# Benifits of being a U.S. citizen?



## Dotsrus (Aug 15, 2010)

For a while now I have wanted to move abroad to Spain and apply for citizenship, but dual citizenship isn't permitted. If I relinquish my United States citizenship, what will I lose? Most importantly is the decision irrevocable?

I am 17 at the moment, so legally I can't renounce citizenship, but I'd like to know the implications of it if I decide to. I love my country (go USA), but I need a lifestyle change and the direction the country is headed seems to be for the worst.


----------



## jennifer_sita (Jul 22, 2010)

Dotsrus said:


> For a while now I have wanted to move abroad to Spain and apply for citizenship, but dual citizenship isn't permitted. If I relinquish my United States citizenship, what will I lose? Most importantly is the decision irrevocable?
> 
> I am 17 at the moment, so legally I can't renounce citizenship, but I'd like to know the implications of it if I decide to. I love my country (go USA), but I need a lifestyle change and the direction the country is headed seems to be for the worst.

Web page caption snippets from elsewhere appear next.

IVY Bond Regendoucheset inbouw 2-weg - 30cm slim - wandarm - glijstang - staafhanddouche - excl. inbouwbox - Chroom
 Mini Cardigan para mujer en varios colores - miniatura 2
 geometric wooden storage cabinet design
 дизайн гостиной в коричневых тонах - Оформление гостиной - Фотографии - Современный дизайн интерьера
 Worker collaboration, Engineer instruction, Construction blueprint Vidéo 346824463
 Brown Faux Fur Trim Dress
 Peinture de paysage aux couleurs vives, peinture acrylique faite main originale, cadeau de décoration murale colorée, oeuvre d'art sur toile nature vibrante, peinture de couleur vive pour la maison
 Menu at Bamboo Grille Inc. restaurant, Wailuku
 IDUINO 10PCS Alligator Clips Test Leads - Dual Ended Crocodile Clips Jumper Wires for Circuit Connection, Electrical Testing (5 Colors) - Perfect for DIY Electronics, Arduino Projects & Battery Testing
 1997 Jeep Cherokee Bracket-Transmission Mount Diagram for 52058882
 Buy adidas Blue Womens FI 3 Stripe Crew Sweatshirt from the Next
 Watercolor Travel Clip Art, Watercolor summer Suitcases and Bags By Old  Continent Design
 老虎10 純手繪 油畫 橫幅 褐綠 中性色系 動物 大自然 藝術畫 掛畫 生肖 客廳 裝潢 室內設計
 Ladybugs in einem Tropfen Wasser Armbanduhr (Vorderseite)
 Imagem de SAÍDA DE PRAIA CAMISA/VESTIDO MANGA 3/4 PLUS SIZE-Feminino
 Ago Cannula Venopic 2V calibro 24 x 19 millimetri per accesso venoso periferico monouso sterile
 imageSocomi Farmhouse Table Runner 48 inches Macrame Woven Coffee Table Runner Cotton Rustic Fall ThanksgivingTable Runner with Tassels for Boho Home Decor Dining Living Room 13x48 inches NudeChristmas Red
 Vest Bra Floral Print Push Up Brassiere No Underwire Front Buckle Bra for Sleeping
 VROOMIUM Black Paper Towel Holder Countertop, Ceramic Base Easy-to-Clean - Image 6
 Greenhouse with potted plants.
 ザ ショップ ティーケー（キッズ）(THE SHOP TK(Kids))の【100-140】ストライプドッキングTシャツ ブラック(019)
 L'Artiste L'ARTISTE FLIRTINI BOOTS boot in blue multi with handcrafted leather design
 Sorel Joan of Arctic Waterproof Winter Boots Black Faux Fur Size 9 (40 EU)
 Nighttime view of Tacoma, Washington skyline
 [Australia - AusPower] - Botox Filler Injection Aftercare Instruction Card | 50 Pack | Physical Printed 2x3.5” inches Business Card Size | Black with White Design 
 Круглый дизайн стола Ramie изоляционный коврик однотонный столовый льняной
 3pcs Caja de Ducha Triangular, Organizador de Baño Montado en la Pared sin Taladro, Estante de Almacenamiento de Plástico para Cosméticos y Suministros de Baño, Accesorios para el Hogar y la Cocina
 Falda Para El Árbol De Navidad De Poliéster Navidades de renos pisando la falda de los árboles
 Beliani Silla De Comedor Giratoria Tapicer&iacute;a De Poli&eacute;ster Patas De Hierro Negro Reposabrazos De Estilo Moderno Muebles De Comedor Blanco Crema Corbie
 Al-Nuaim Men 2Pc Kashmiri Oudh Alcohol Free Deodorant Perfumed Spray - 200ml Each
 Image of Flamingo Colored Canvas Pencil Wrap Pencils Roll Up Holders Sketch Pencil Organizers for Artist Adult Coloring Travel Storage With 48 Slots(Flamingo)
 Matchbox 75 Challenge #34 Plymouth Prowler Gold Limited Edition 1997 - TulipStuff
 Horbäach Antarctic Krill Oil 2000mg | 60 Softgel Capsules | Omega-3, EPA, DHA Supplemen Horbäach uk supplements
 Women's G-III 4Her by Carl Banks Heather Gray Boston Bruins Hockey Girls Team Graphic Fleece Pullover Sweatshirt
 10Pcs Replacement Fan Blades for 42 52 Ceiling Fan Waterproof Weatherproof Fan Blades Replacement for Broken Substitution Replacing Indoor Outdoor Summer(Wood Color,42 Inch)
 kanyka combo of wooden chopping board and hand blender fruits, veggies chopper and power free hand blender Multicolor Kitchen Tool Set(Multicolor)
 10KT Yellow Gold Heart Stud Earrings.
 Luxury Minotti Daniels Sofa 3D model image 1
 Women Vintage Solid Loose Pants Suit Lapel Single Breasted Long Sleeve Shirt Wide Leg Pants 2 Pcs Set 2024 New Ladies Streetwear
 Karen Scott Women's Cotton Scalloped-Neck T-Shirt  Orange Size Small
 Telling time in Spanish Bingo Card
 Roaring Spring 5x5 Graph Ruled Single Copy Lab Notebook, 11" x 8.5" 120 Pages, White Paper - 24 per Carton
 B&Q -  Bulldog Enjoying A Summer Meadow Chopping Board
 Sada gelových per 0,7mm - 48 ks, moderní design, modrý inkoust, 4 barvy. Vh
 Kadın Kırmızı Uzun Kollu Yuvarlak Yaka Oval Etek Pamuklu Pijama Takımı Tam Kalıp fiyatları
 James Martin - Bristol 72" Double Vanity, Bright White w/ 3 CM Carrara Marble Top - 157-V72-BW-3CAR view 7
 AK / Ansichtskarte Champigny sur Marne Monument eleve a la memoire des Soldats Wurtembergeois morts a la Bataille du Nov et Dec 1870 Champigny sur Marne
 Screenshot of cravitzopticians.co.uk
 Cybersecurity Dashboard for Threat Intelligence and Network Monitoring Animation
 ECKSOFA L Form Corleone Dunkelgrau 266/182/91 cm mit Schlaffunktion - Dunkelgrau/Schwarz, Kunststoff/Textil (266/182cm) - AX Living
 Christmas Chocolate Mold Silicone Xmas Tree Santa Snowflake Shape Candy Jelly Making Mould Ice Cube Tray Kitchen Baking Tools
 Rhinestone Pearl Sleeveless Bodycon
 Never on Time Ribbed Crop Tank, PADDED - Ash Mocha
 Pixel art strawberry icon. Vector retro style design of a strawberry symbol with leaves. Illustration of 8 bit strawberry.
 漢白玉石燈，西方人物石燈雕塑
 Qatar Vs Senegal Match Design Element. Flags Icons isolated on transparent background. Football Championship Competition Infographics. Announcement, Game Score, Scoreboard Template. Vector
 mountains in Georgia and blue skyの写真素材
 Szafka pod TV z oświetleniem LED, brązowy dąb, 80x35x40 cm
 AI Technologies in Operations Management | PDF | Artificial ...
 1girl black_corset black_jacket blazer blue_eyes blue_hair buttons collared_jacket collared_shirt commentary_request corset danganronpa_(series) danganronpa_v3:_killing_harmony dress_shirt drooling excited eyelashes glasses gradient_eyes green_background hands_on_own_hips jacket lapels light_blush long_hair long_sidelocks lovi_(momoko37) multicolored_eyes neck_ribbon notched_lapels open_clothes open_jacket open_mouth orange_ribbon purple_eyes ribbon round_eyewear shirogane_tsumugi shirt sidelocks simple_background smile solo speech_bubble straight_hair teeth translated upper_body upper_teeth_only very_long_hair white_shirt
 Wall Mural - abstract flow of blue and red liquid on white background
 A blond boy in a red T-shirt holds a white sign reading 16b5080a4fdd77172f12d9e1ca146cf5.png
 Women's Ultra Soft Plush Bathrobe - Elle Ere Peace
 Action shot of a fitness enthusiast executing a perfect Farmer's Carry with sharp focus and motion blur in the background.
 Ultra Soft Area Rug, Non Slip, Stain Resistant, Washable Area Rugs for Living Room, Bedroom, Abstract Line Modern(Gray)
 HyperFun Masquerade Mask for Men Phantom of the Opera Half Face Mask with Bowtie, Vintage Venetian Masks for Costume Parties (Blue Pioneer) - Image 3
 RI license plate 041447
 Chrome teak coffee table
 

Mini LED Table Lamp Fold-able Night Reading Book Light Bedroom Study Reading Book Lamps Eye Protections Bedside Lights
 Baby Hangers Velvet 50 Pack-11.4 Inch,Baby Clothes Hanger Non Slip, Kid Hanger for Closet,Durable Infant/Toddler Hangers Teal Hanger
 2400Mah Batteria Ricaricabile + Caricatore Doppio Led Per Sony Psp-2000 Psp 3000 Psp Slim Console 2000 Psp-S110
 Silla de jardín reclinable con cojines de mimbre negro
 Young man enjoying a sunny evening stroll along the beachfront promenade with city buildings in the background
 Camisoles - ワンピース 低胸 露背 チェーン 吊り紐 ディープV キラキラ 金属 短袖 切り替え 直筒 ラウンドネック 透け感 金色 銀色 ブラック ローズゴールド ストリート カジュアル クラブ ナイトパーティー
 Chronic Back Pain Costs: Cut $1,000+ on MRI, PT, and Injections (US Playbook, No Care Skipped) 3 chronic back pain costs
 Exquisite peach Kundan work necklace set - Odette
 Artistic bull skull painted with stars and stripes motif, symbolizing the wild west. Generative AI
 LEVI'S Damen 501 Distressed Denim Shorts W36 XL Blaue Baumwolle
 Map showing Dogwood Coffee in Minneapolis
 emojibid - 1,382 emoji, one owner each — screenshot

I don't know how up-to-date this is, but the issue of renouncing US citizenship to become a Spanish national is discussed on other websites http://www.spainexpat.com/spain/information/spanish-citizenship-and-dual-nationality/. That website says,


> US citizens, if they do not intend to relinquish their US citizenship, may renounce their US citizenship to the Spanish government as required to obtain Spanish citizenship, but still retain their US citizenship anyway. Needless to say, Spain would not recognize the US nationality.


----------



## Bevdeforges (Nov 16, 2007)

Basically, it's pretty difficult to renounce your US citizenship and, in fact, you can only do it from abroad. To renounce, you must go to a US consulate in the country where you are residing and formally renounce your nationality in front of a consular official.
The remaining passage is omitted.